You're allowed to pick one door, out of a million. Then, the host opens 999,998 of the other doors which he knows have a goat. This leaves the closed door you picked and one remaining closed door.
So, there's now two possibilities. Out of one million doors you somehow just happened to have guessed right and picked the right one. Or, you're wrong. If you're wrong then the correct door would be the other closed one.
Does it matter whether or not the host knows? I don't see how it changes the odds in any way, unless of course he opens the door with the car (very likely with 1 million doors).
The host knows where the car is and so leaves it hidden. If some one shows you this with even just 10 doors, it will be immediately and patently obvious that you must switch.
This is, indeed, the most effective way to explain it, imo.
It does. If the host doesn't know, there's a 1/3 probability that the game will end (you won't get a chance to switch) if the host picks the car. If this doesn't happen, it's 50:50 whether you keep your door or switch to the remaining unopened door.
The fact that you asked this question shows what's wrong with the supposed "problem". In the usual presentation, it's a "trick question" because the person presenting it omits the crucial information that the offeror is intending to act adversely to the decsion making subject.
Without that information, the interlocutor naturally assumes that the offeror opens doors randomly - in which case the fact that he knows what's behind each door is an irrelevant "red herring" and the correct conclusion is different.
In the random-opening case the intuitive conclusion is right - that the agent (offeree)'s decision does not affect the odds.
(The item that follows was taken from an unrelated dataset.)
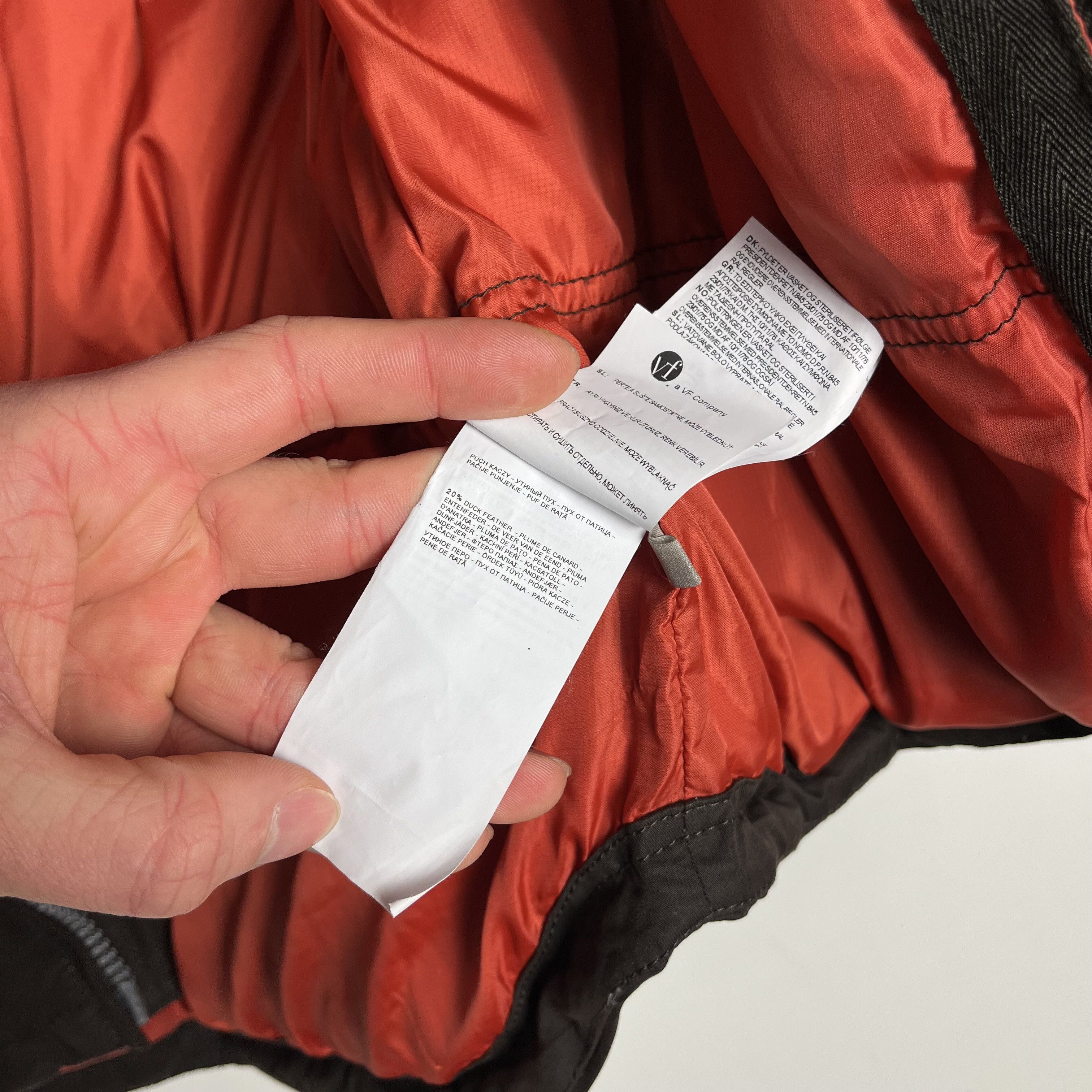 Napapijri Vintage Napapijri Brown Full Zip Down Gilet Jacket Size US M / EU 48-50 / 2 - 12 Thumbnail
But if the question-poser revealed that the offeror is trying to maneuver the offeree into the result that's less valuable for the offeree, then the supposed mystery of the whole thing evaporates and the correct conclsion is obvious.
Ha, interesting. Yes, well, back when the problem was invented it was assumed that everyone was aware of the TV show "Let's Make a Deal" and how the scenario worked. The host/offeree (a man named Monty Hall) _never_ picked a door that had the prize behind it, implying that he _always_ knew where the prize was.
Let's say that you have 3 doors and you pick door #1.
At that point the host says "Ok, I'm going to open one of the other doors at random and then give you the chance to change your choice".
At this point 2 things could happen.
Either he opens the door with the car in which case you will definitely switch to that door and have a 100% chance of winning.
Or he opens the door with a goat.
There is a 1/3 chance that you picked correctly in the first place, therefore there is a 2/3 chance that you picked wrongly, so it's safer to assume that you picked wrongly.
You know that he didn't show you the car, so either you picked correctly to being with (1/3) or you picked wrongly (2/3), but if you picked wrongly then it must be behind the door that the host did not open. So you still have better odds from switching even though the host did not know.
You are correct, as long as the host doesn't reveal the prize the odds of winning by switching remain better than the odds of winning with your initial selection. EDIT: And in the case that he reveals the prize your odds have gone up. I suspect (but haven't calculated) that a version where you can switch to the winning prize when it's revealed would give you much better odds of success and a bankrupt game show would result.
Crunched the numbers, I'm wrong. If the host shows a goat (when the host doesn't know where the car is), switch or stay doesn't matter as you have the same odds either way.
There are 4 outcomes to the selection phase of this game:
1/3 - both pick goats
1/3 - you pick the goat, host picks the car
1/3 - you pick the car, host picks the goat
0 - you pick the car, host picks the car
So given the host picks a goat, switching or staying doesn't matter it's 50/50.
EDIT: An aside - why we shouldn't trust our intuitions, but instead actually work out these problems.
You're right. When doors are opened randomly you can not tell whether the host was "lucky" (to not reveal the car) or whether you picked the right door to begin with since these are both equally likely.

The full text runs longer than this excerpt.